*** Opening TASK INPUTS ***

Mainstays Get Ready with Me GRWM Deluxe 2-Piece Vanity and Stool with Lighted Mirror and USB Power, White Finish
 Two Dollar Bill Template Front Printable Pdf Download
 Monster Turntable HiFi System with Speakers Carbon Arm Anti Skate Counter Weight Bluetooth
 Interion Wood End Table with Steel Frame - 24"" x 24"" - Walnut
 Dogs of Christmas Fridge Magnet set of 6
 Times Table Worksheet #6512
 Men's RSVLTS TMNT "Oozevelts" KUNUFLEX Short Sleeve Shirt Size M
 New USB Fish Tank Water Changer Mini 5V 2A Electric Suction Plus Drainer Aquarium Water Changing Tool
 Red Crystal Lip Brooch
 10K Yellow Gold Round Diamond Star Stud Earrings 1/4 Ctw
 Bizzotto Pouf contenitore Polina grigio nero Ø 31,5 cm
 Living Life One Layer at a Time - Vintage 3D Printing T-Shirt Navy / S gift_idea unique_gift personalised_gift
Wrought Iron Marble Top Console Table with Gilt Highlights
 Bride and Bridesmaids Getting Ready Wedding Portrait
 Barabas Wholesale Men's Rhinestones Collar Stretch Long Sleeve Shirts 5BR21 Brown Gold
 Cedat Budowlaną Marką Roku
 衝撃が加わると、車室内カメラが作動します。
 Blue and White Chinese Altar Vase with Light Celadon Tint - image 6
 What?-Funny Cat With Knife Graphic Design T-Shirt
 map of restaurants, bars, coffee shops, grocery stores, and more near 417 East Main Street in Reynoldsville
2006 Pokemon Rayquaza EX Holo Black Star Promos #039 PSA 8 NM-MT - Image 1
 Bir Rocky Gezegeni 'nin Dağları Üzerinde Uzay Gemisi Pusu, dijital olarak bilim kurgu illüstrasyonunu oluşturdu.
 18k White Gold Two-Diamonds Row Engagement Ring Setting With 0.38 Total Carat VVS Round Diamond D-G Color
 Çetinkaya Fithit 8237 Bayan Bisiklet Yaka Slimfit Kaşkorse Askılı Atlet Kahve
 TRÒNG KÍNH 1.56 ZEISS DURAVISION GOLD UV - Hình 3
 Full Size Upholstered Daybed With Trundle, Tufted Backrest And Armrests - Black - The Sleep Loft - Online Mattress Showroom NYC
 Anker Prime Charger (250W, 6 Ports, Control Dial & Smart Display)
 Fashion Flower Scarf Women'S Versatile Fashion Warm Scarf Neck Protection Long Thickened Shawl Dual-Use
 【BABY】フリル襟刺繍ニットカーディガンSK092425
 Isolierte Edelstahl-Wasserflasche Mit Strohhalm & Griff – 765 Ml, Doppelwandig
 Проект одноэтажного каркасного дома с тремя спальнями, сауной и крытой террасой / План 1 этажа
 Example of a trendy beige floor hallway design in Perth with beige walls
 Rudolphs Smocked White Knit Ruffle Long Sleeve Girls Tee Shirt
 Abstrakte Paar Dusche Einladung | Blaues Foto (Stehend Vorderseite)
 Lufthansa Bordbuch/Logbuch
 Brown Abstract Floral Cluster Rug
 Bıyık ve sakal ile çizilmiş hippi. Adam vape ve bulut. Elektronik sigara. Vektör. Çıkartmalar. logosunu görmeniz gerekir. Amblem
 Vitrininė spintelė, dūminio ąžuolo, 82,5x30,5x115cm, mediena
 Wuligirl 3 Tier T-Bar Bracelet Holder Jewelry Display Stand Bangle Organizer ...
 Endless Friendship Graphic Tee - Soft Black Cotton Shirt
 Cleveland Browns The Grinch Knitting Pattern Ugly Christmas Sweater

*** Closing TASK INPUTS ***

** TASK **
Repeat, character for character, the lines from the one that holds "Abstrakte Paar Dusche" to the final line of the material, inclusive, and no other lines.

** SOLUTION **
 Abstrakte Paar Dusche Einladung | Blaues Foto (Stehend Vorderseite)
 Lufthansa Bordbuch/Logbuch
 Brown Abstract Floral Cluster Rug
 Bıyık ve sakal ile çizilmiş hippi. Adam vape ve bulut. Elektronik sigara. Vektör. Çıkartmalar. logosunu görmeniz gerekir. Amblem
 Vitrininė spintelė, dūminio ąžuolo, 82,5x30,5x115cm, mediena
 Wuligirl 3 Tier T-Bar Bracelet Holder Jewelry Display Stand Bangle Organizer ...
 Endless Friendship Graphic Tee - Soft Black Cotton Shirt
 Cleveland Browns The Grinch Knitting Pattern Ugly Christmas Sweater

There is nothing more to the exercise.